Second, plaintiff moves to strike the affidavits of GEICO claims examiner Louise Smallwood (the "Smallwood affidavit") and GEICO senior underwriter Robin Lubow (the "Lubow affidavit"). These affidavits lay the foundation for the admissibility of the GEICO policy documents related to plaintiff's insurance policy, which are appended as exhibits to the Scahill declarations. The Court denies these motions to strike, as well. To the extent plaintiff contends that the Smallwood and Lubow affidavits do not lay the proper foundation for the admissibility of the GEICO policy documents as business records, the Court disagrees. The Smallwood affidavit asserts that GEICO kept the documents in the ordinary course of its business as an insurance company. (Smallwood Aff. ¶ 2.) Moreover, both the Smallwood and Lubow affidavits assert that they reviewed these documents ( Id. ; Lubow Aff. ¶ 1), and they certify that the GEICO policy documents appended to the Scahill declarations are accurate copies of plaintiff's GEICO insurance policy (Smallwood Aff. ¶ 4; Lubow Aff. ¶ 13). These affidavits suffice for the Court to consider the appended GEICO policy documents in deciding the present summary judgment motions. See, e.g., Major League Baseball Props., Inc. v. Salvino, Inc., 542 F.3d 290, 312-14 (2d Cir. 2008). Furthermore, the Court does not strike the Smallwood and Lubow affidavits on the basis that they certify more than one set of policy documents as plaintiff's complete GEICO policy; plaintiff's argument on this point goes only to the weight of the evidence, not its admissibility. Finally, the Court does not strike the Lubow affidavit even though it was submitted for the first time with defendant's reply papers. The Court determines that plaintiff had an opportunity to respond to the Lubow affidavit-and did so-and thus suffered no prejudice from its delayed submission.

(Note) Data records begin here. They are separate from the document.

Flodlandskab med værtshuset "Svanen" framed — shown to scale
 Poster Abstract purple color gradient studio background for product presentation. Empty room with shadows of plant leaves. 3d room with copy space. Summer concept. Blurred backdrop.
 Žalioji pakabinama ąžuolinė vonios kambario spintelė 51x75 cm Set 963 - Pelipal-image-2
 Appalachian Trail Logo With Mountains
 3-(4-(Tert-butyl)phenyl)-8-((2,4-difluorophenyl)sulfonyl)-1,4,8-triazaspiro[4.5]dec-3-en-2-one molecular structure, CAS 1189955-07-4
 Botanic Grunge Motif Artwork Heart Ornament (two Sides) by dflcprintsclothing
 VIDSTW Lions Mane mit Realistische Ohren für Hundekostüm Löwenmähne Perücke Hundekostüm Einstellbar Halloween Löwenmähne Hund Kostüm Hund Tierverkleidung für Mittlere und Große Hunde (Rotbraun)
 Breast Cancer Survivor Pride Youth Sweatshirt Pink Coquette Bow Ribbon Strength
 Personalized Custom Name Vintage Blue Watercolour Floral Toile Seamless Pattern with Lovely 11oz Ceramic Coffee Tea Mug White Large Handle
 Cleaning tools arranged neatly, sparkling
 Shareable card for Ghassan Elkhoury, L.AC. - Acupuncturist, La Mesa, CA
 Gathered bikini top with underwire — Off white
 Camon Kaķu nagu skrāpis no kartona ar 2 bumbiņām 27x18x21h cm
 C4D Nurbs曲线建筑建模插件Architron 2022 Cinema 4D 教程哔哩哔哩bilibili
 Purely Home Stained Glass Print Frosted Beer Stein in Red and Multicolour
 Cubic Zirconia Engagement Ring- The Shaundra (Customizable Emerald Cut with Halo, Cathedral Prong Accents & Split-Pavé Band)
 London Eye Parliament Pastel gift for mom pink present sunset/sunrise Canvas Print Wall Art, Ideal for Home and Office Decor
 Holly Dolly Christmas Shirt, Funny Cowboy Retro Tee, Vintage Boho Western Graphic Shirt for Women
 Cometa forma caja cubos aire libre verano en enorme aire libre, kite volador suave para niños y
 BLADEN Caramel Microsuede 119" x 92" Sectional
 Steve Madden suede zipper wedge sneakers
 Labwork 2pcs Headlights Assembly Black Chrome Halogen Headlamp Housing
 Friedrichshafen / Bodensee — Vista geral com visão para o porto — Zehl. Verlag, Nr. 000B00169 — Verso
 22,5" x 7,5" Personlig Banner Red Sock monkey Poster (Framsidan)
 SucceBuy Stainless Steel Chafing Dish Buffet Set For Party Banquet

In sum, all motions to strike are denied.

IV. DISCUSSION

Plaintiff's causes of action fall under three categories of claims: (1) defendant violated Section 3420; (2) Banu Osuna was not plaintiff's "spouse" for purposes of the spousal liability exclusion; and (3) defendant is estopped from denying coverage to plaintiff. The Court considers each category of claims in turn.

A. Section 3420

Section 3420(g) creates a "statutory presumption that interspousal liability is excluded from coverage unless specifically provided for in the policy." Byrne v. Nationwide Mut. Fire Ins. Co., No. 00-C6083, 2001 WL 99892, at *2 (E.D.N.Y. Jan. 16, 2001). Specifically, Section 3420(g) provides, in full:

No policy or contract shall be deemed to insure against any liability of an insured because of death of or injuries to his or her spouse or because of injury to, or destruction of property of his or her spouse unless express provision relating specifically thereto is included in the policy as provided in paragraphs one and two of this subsection. This exclusion shall apply only where the injured spouse, to be entitled to recover, must prove the culpable conduct of the insured spouse.
(1) Upon written request of an insured, and upon payment of a reasonable premium established in accordance with article twenty-three of this chapter, an insurer issuing or delivering any policy that satisfies the requirements of article six of the vehicle and traffic law shall provide coverage against liability of an insured because of death of or injuries to his or her spouse up to the liability insurance limits provided under such policy even where the injured spouse, to be entitled to recover, must prove the culpable conduct of the insured spouse. Such insurance coverage shall be known as "supplemental spousal liability insurance".
(2) Upon issuance of a motor vehicle liability policy that satisfies the requirements of article six of the vehicle and traffic law and that becomes effective on or after January first, two thousand three, pursuant to regulations promulgated by the superintendent, the insurer shall notify the insured, in writing, of the availability of supplemental spousal liability insurance. Such notification shall be contained on the front of the premium notice in boldface type and include a concise statement that supplementary spousal coverage is available, an explanation of such coverage, and the insurer's premium for such coverage. Subsequently, a notification of the availability of supplementary spousal liability coverage shall be provided at least once a year in motor vehicle liability policies issued pursuant to article six of the vehicle and traffic law, including those originally issued prior to January first, two thousand three. Such notice must include a concise statement that supplementary spousal coverage is available, an explanation of such coverage, and the insurer's premium for such coverage.

N.Y. Ins. Law § 3420(g).

In the instant case, it is undisputed that plaintiff did not have supplemental spousal liability insurance at the time of the October 4, 2009 car accident. Nonetheless plaintiff makes several arguments in an effort to obtain spousal liability coverage from defendant.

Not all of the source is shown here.